In the studio, Reznor is NIN. He writes, arranges, performs and produces
all the material for the band's albums, employing other musicians only for his
road show. They toured extensively in support of Pretty Hate Machine, a
three-year odyssey that saw them on stage for the first Lollapalooza tour
and opening for Guns 'n' Roses in Europe.
The band is currently touring in support of last year's The Fragile, a double
album filled with the changes one would expect of a man who hadn't
released anything new in five years. Reznor's last offering was 1995's
Further Down the Spiral, a collection of remixes from the 1994 release The
Downward Spiral. Perky titles, aren't they?
Like his prodigy Marilyn Manson (Reznor was instrumental in Manson's rise
to fame and coproduced Antichrist Superstar, the album that made Mason),
Reznor is a product of small-town America. He was raised by his
grandmother in Mercer, Pa., after his parents separated. As a teen, he
traded in the classical piano he had studied as a child for basically every
instrument that's ever been plugged into a power source and started playing
in various garage bands.
He tried college for a year, but it didn't stick, so he moved to Cleveland,
Ohio, and began recording his own music. A demo tape led to a deal with a
small label, which led to Pretty Hate Machine, which led to the industrial
music revolution on college campuses in the early '90s and a rapid rise to
mega-stardom that took its toll on Reznor.
Of course, Reznor invited much of the scrutiny himself. He was investigated
for the "Down in It" video, which the FBI suspected contained images that
had been taken from a snuff film. He released an EP, Broken, in 1992, and
one of the accompanying videos portrayed a man being sexually assaulted
and ground into hamburger meat. And those are the videos that weren't
rejected by MTV.
But that was all 10 years ago and Reznor, now 34, has mellowed with age,
if only slightly. He told the crowd in Tokyo last week before the start of his
encore, "I feel I may be ruining my image by saying this, but it's been a
pleasure to be here. You've been a great audience. Now don't tell anyone I
said that."
He even went so far as to thank his bandmates for their friendship and for
being "the best band in the world," genuine niceties, even if overstated.

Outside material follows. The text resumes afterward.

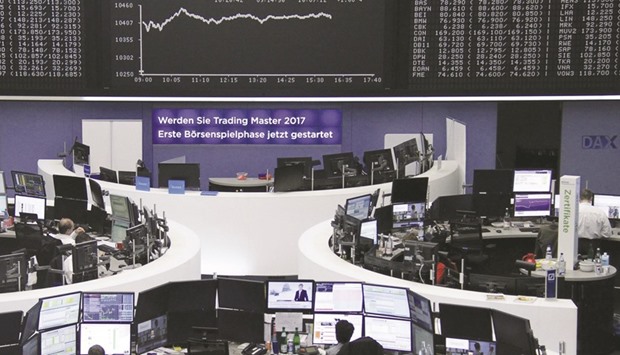 Traders work at the Frankfurt Stock Exchange. The DAX 30 rose 1.9% to 10,456.95 yesterday.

Maybe the irony of venting his somber visions of the world in an auditorium
located right next to Disneyland injected him with a little bit of Magic
Kingdom sappiness.
The concert consisted mostly of NIN's newer material--broad, sometimes
minimalist songs culled from The Fragile. Reznor spent two years making the
new album, and it shows. The lyrics, although again darkly introspective, are
more gently crafted than before. The songs still force their way into your
head, but once there, instead of hammering away at the inside of your skull
like NIN's previous releases, they settle down to reveal the intricate
arrangements Reznor spent so long assembling in the studio.
This doesn't always translate well in the live show, though. The band went to
great lengths to make sure even the slower songs were still noisy enough to
please the most dissatisfied of fans. But when relatively gentle keyboard
tracks were forced through various chorus effects and distortion pedals, they
often came out sounding more like whale mating songs played full blast
through an AM radio with blown speakers. Painful.
But more often than not, Nine Inch Nails did what they were supposed to
do: lay down stomach-churning industrial rock for the fans to slam to and
Reznor to scream to. The highlight of the night was "Head Like a Hole," a
song from Pretty Hate Machine that became an anthem of sorts for millions
of rebels without a cause with its middle-finger-up chorus "Head like a
hole/Black as your soul/I'd rather die/Than give you control."
And 10 years on, Reznor still screams it like he means it.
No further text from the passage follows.